Together, these six TLDs form a digital sovereignty claim for Queensland. Not aggressive, not territorial in any negative sense, but assertive — a statement that Queensland’s identity deserves to be owned by Queensland, and that ownership should be permanent.
We are proud of these six. We are proud that we moved when we did. We are proud that they are secured, onchain, and permanent.
What “building together” actually means
The second half of the phrase is as important as the first. Now we build together.
There is a version of this project that would have been a different kind of thing entirely. A version where the TLDs were secured, the infrastructure was built, and then the whole thing was managed centrally, with Queensland Foundation making every decision about what existed under each address, how it was used, what it meant, and who it served. That would have been a business. A normal one.

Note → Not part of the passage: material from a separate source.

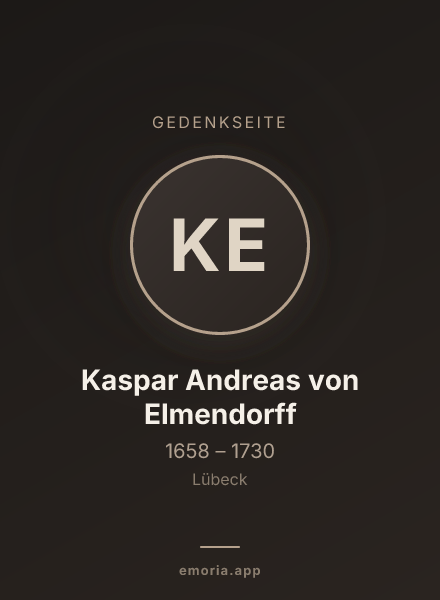 Gedenkportrait von Kaspar Andreas von Elmendorff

That is not what we built.
When we say build together, we mean it. We mean that the addresses under these TLDs belong to the people who hold them. We mean that the meaning of .queensland — what it becomes, what accumulates under it, what it represents to people who hold it — is not something we will dictate. We secured the land. But the land belongs to Queensland, not to us.

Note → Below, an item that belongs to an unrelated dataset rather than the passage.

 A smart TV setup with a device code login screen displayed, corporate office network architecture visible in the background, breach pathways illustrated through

This is a genuinely different relationship with ownership than most digital products offer. Most digital products are, at their core, services. You pay for access to something someone else controls. When the service changes, your experience changes with it. When the company decides to do something different, your thing does that different thing whether you want it to or not.
An onchain address is not a service. It is property. When you own one, you own it. We cannot change what it is. We cannot take it back. We cannot revoke it. We cannot expire it. The ownership is not conditional on our continued goodwill, our continued operation, or our continued existence. It is structural. The blockchain enforces it, not us.

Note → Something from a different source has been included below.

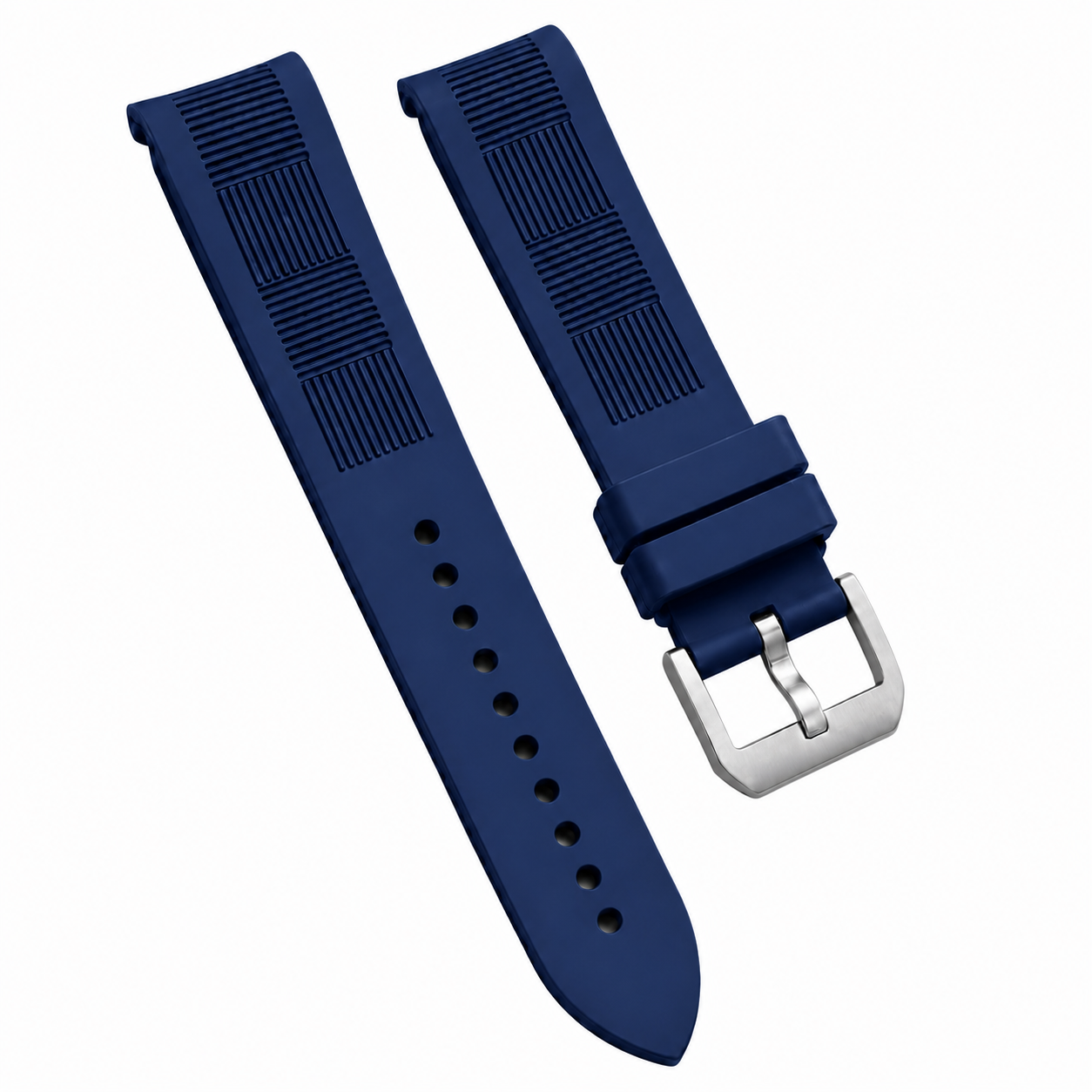FKM Rubber Watch Strap - Checkered Pattern / Curved - Universal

This matters enormously for what “building together” means. It means that when a Queenslander registers a .brisbane address, they are not becoming a customer. They are becoming an owner. They are becoming part of the foundation in a way that is different from buying a subscription or signing up for a service.
And when enough people become owners, something remarkable happens. The TLD itself starts to carry the weight of all those owners. Every .queensland address that exists adds meaning to .queensland. Every business under .brisbane makes .brisbane more real. Every person who claims a piece of this permanent digital identity contributes to the whole — not because we asked them to, not because it serves our interests (though it does), but because that is simply what happens when a place-based identity fills in.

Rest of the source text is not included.